Hunt Lab Future Scenarios Linchpin Project

Congratulations, if you are viewing this page, it is because you have been invited to participate in the the Hunt Lab’s Future Scenarios Linchpins Project.

The Hunt Lab is conducting research into the way teams collaboratively reason about a wide range of problems broadly related to intelligence and/or national security. In this exercise, we are specifically interested in how teams reason about hypothetical future conflict scenarios.  

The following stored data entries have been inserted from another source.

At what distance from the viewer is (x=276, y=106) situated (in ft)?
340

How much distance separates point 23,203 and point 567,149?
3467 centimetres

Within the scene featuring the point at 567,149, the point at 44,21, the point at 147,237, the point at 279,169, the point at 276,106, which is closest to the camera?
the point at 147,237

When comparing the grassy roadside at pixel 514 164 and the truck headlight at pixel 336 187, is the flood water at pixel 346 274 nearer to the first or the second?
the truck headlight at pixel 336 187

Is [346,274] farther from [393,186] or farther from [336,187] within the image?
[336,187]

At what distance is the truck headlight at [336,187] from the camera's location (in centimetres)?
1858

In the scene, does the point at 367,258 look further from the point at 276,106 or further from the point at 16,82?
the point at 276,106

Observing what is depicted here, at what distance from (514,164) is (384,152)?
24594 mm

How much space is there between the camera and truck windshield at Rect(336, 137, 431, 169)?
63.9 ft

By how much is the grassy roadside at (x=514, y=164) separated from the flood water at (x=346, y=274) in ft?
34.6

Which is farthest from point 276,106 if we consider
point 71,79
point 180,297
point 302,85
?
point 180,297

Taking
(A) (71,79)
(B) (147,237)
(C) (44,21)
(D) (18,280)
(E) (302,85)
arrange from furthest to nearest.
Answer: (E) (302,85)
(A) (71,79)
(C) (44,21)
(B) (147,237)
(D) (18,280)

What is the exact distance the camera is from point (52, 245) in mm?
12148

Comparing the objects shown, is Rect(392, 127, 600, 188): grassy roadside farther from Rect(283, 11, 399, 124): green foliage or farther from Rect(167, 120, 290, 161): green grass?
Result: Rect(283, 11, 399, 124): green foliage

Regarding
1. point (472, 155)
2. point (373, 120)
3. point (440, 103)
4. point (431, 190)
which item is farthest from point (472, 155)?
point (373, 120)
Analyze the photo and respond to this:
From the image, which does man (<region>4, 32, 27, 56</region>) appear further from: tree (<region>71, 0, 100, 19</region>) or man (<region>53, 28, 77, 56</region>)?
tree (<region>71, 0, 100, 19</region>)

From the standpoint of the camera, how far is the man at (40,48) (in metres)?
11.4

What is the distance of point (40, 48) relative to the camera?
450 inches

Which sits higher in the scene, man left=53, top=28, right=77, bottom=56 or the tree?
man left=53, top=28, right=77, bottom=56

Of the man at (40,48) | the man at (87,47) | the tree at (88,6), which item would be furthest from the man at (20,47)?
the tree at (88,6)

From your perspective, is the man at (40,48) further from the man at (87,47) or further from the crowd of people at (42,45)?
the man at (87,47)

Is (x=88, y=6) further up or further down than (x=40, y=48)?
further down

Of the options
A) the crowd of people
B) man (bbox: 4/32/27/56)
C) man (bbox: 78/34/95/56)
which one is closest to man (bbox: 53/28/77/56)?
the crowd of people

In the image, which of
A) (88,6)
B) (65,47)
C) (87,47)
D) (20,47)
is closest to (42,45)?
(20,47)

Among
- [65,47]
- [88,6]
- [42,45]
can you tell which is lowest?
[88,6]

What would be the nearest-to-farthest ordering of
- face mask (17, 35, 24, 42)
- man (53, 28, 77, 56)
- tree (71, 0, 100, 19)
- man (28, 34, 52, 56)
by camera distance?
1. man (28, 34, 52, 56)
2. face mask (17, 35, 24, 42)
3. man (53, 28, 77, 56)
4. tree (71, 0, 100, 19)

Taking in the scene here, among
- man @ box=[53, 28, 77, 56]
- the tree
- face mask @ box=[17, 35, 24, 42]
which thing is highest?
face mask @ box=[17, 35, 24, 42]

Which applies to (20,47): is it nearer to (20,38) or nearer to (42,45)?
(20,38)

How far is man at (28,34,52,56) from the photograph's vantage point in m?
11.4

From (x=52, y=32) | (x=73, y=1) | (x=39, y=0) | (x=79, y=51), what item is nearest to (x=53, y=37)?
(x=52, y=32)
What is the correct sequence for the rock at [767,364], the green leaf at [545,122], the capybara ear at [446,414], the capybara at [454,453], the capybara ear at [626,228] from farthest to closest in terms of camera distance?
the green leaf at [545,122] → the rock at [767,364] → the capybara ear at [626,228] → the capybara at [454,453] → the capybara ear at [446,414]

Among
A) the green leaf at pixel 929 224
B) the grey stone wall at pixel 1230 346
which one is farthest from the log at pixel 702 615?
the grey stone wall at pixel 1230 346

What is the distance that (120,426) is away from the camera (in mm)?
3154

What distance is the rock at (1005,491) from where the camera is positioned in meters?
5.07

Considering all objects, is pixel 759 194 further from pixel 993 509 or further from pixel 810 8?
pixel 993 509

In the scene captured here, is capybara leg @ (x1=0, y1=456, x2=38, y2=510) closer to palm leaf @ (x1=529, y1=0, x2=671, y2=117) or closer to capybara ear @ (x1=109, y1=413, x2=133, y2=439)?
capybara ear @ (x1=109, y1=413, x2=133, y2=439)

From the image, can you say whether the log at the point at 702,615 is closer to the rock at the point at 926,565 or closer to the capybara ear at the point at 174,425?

In this exercise, teams will compete to produce well reasoned ‘backcasting‘ reports. Backcasting is a type of scenario method based on the work of John B. Robinson in his article Futures Under Glass (1990), for example. The teams will be presented with 4 future scenarios over 4 weeks. Each scenario will take place at least 10 years in the future and will involve some aspect with direct relevance to Australian national security. Teams will be presented with such scenarios, and will then reason ‘back’ from this scenario to establish a plausible pathway from the current situation to that future scenario. The reasoning includes identifying major “linchpin’ events that would need to take place between now and then for the scenario to occur. One of the main problems in thinking about the future is “incremental thinking” which tends to anchor too much on the current situation. By presenting end situations that are very different (even extreme) compared to the current situation and asking for plausible pathways to that future, backcasting helps to overcome this bias.